すり合わせながらの協働ですので、定期的に自身のあり方ややり方を協働者の目を通じて振り返ることの必要性を感じ、サーベイ施策を企画しました。「鏡」に映った自分に向き合うことで気づくこともあるのではないか、との発想です。 また、サーベイの利点は、課題の個別性に対応できるということですね。一律のあるべき論を学ぶことより、自身の課題とダイレクト向き合える利点があると考えました。

水田
社内だけで設計・実施するのではなく、外部と連携して行ったのはなぜでしょうか。
荻野

理由の1つは、サーベイ結果を効果的にフィードバックするには高い専門性が不可欠だからです。僕自身に組織コンサルの経験がありますから、社内で行う限界がよくわかります。それを高いレベルで実施する力のある人として、真っ先に水田さんが思い浮かびました。

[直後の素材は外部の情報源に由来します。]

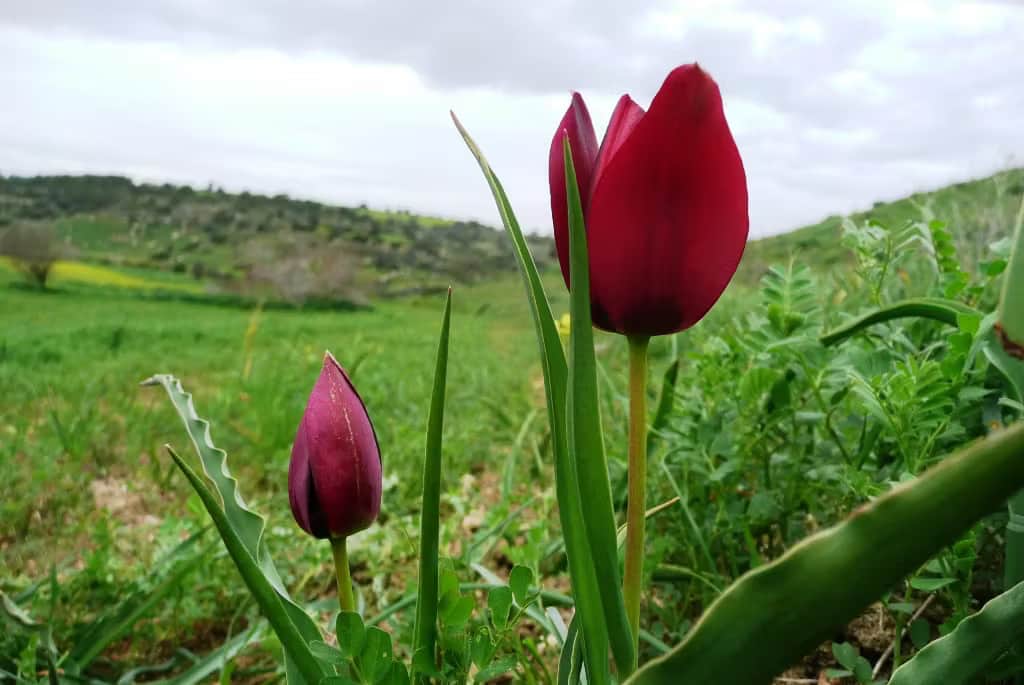about-us banner about-us banner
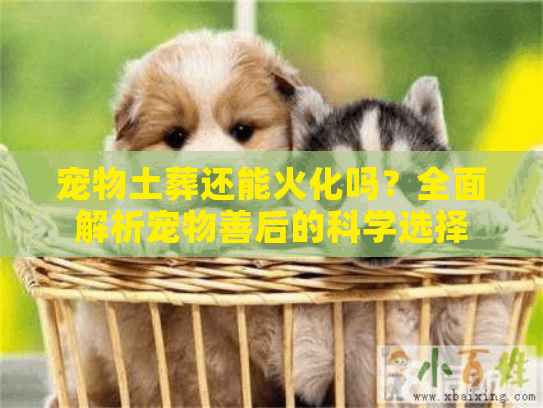 宠物土葬还能火化吗？全面解析宠物善后的科学选择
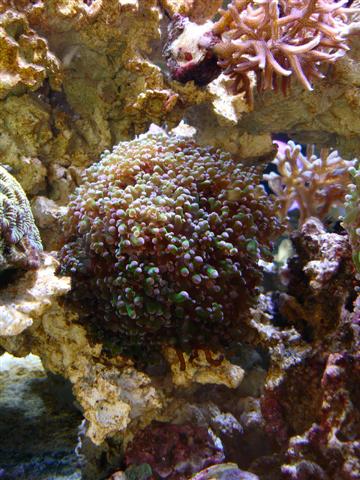 Frogspawn.JPG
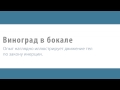 Виноград в бокале - физические опыты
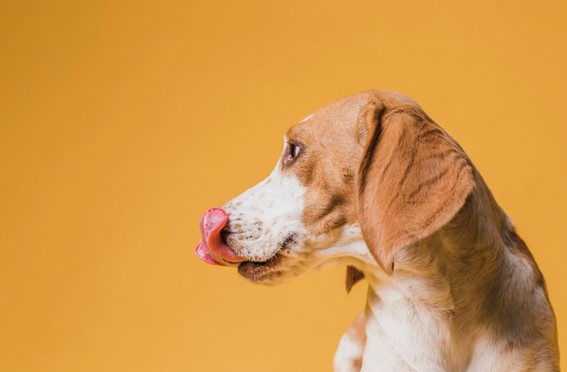 casos especiales en los perros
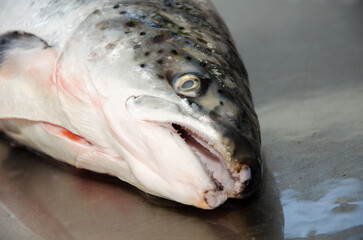 Red salmon fish. Salmon carcass on the table. Healthy eating red salmon fish. Photo on fish production.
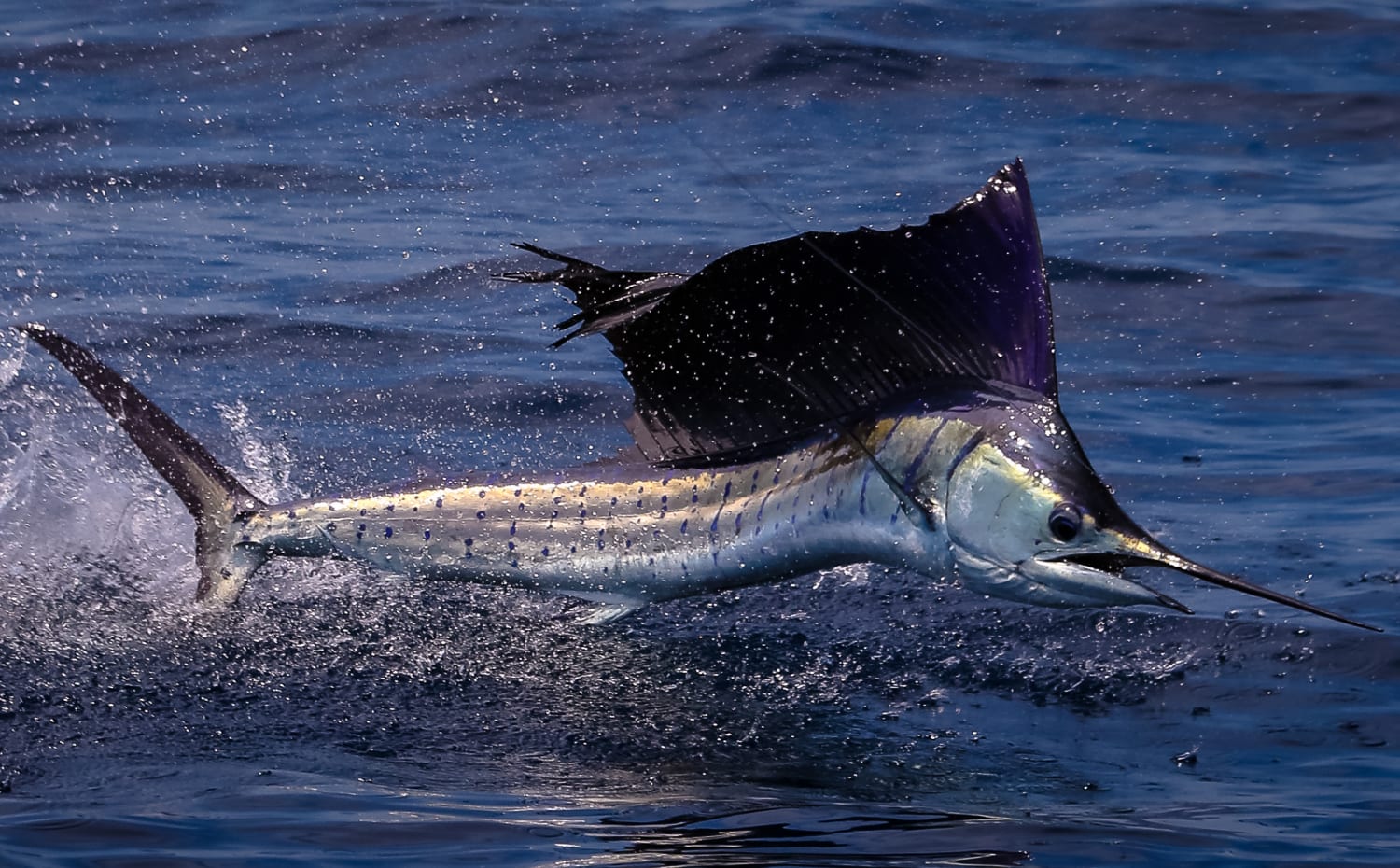 100-pound sailfish stabs woman, 73, on fishing boat after leaping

もう1つの理由は、客観性を担保できるからです。社内だけでやろうとすると、余計な情報によって色眼鏡がかかってしまうことがあります。その点、しがらみのない社外の人ならあくまでもサーベイ結果に基づいてフラットにその解釈やアドバイスが伝えられるので、より効果的だと考えました。

中川政七商店 荻野祐氏 BRICOLEUR水田

コレクション効果を最大化するために熟慮した設問設計

水田
サーベイの設計において意識したことは何ですか?
荻野
サーベイには「質問してデータを集める動きそのものが人々の行動を変える原動力になる」という、いわゆるコレクション効果が働きますので、質問づくりにはエネルギーを注ぎました。弊社において、協働をするにあたっての課題が浮かび上がりやすい問いは何なのか?という観点でリアルな課題を丁寧に収集し、帰納的に作り上げていきました。そのうえで、「鏡」に映った自分からのメッセージが明確になるように、問いの整理・構造化を工夫したことでしょうか。
水田
御社は仕事に向き合う姿勢などを整理・言語化した言葉の体系をおもちだったので、私は当初、そこから演繹的に発想するものと想定していました。しかしそうではなく、現場の課題からの積み上げを大切にされる荻野さんの考え方はとても印象に残っています。
荻野
オリジナルで設計するからには、どのような課題に気づいて欲しいのか、向き合ってほしいのかという目的の明確化が重要だと思います。ただ、あまりそれが前面化すると「鏡」の信憑性が減じてしまう可能性があるので、そのあたりの塩梅は難しいですね。
水田
また、サーベイの実施方法においても工夫がありましたね。その1つは、サーベイ回答者を部署内だけでなく部署外からも選定したことです。
荻野
安易に同一部署メンバーを回答者としてしまうと、視点の抜け漏れや偏りが生じます。先ほどお話ししたとおり部署を超えた協働が多い会社なので、さまざまな関わり方をしている人の多様な意見を取り入れることが大切だと考えたんです。
水田
もう1つの工夫は、サーベイ回答に、5段階評価とは別に「わからない」という選択肢を設定したことです。
荻野

サーベイ項目が幅広いので、そのすべてに全員が明確な回答ができるとは限りません。そこで「わからない」という選択肢があれば、印象や想像で5段階評価をつけることを避けられます。つまり5段階評価は意志をもってつけることになりますので、データの信憑性を高められます。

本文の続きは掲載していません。